The trial court correctly found the accused guilty of parricide as charged in the information. Article 246 defines the crime of parricide and imposes therefor the penalty of reclusion perpetua to death. Applying Article 63, when the penalty is composed of two indivisible penalties, the penalty cannot be lowered by one degree, no matter how many mitigating circumstances are present. What obviously misled the parties in this case is that they overlooked the fact that the so-called special* mitigating circumstance that they rely on, that is, when there are two or more mitigating circumstances and no aggravating circumstance the court shall impose the penalty next lower to that prescribed by law, is found in paragraph 5 of Article 64 which, as its epigraph shows, provides the "(r)ules for the application of penalties which contain three periods," meaning, divisible penalties. The inapplicability thereof to the present case has long been settled.

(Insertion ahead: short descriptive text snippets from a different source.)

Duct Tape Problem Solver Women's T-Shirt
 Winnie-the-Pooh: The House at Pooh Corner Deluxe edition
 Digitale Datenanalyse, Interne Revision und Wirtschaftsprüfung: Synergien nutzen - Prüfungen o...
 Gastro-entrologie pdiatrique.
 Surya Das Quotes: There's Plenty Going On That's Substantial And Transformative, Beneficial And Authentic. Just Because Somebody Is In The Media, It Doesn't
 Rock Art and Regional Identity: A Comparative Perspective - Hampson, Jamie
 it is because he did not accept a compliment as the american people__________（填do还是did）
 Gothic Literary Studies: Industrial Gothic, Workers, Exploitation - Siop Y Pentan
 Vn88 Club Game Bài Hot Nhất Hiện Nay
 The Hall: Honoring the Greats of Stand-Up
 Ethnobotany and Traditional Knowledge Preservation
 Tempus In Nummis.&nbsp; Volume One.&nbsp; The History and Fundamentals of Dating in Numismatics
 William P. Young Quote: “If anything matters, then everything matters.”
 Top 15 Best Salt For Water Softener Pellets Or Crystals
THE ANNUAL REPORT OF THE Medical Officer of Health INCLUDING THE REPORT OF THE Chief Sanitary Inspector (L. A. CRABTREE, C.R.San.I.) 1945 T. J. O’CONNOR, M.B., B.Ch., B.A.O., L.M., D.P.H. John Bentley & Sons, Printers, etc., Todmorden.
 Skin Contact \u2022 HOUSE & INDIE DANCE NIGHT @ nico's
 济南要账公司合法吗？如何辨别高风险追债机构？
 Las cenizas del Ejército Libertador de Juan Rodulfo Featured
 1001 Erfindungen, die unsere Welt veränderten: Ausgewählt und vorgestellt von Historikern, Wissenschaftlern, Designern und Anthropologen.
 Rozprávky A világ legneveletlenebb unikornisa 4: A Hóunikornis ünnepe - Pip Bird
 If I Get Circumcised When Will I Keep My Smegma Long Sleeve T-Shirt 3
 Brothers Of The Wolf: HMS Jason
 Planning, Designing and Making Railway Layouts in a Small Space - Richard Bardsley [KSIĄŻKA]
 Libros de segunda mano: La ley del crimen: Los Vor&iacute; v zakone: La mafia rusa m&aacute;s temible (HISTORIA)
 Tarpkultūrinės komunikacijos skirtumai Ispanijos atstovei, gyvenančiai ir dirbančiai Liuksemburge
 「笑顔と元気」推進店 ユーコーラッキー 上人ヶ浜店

In a number of cases,[24] we have held that when there are two or more mitigating circumstances and no aggravating circumstance but the imposable penalties are indivisible in nature, the court cannot proceed by analogy with the provisions of paragraph 5 of Article 64 and impose the penalty lower by one degree. Thus, in a parricide case,[25] the trial court imposed the penalty next lower, which is reclusion temporal, applying paragraph 5 of Article 64 since the crime was attended by two mitigating circumstances without any aggravating circumstance. In reversing the decision of the lower court, we ruled that the penalty imposed was not correct since the rule applicable in said case is found in Article 63, and not in Article 64, of the Code.

ACCORDINGLY, on the foregoing considerations demonstrative of the lack of merit of the instant appeal, the assailed judgment of the court a quo is hereby AFFIRMED.


Narvasa, C.J., (Chairman), and Nocon, J., concur.
Padilla, J., on leave.

[1] Original Record, 1.

[2] Ibid., 36.

[3] Ibid., 36 and 43.

[4] Ibid., 46; per Judge Bernardo LL. Salas.

[5] TSN, August 22, 1991, 1.

[6] Original Record, 8.

[7] TSN, April 17, 1991, 2-3, 5; Original Record, 24-25, 27.

[8] TSN, August 30, 1991, 7-8.

[9] Ibid., id., 9.

[10] Accused-Appellant's Brief, 3; Rollo, 25.

[11] Ibid., id., 23.

[12] People vs. Araquel, 106 Phil. 677 (1959).

[13] People vs. Bustos, 45 Phil. 9 (1923); People vs. Alambra, et al., 55 Phil. 578 (1931); People vs. Sabater, et al., 81 SCRA 564 (1978); People vs. Talingdan, et al., 84 SCRA 19 (1978); People vs. Gacho, 124 SCRA 671 (1983).

[14] TSN, August 22, 1991, 2.

[15] Ibid., id., 4.

[16] Ibid., id., 2.

[17] Exhibits 14-A to 14-D; also marked asExhibits A to D.

[18] TSN, August 22, 1991, 2.

[19] Exhibits "A" and "B".

[20] Original Record, 44-45.

[21] People vs. Alanguilang, 52 Phil. 663 (1929); People vs. Guillano, 107 Phil. 1169 (1960).

[22] Appellee's Brief, 6; Rollo, 54.

[23] Id., 9; ibid., 57.

* Although sometimes referred to as a privileged mitigating circumstance, such categorization is inaccurate. A privileged mitigating circumstance inter alia, cannot be offset by an aggravating circumstance. Art. 64 (5) pre­supposes the absence of any aggravating circumstance hence, in the presence thereof, the mitigation provided therein can neither be invoked nor applied.

[24] United States vs. Guevara, 10 Phil. 37 (1908); People vs. Formigones, 87 Phil. 658 (1950); People vs. Borromeo, 133 SCRA 106 (1984).

[25] People vs. Relador, 60 Phil. 593 (1934).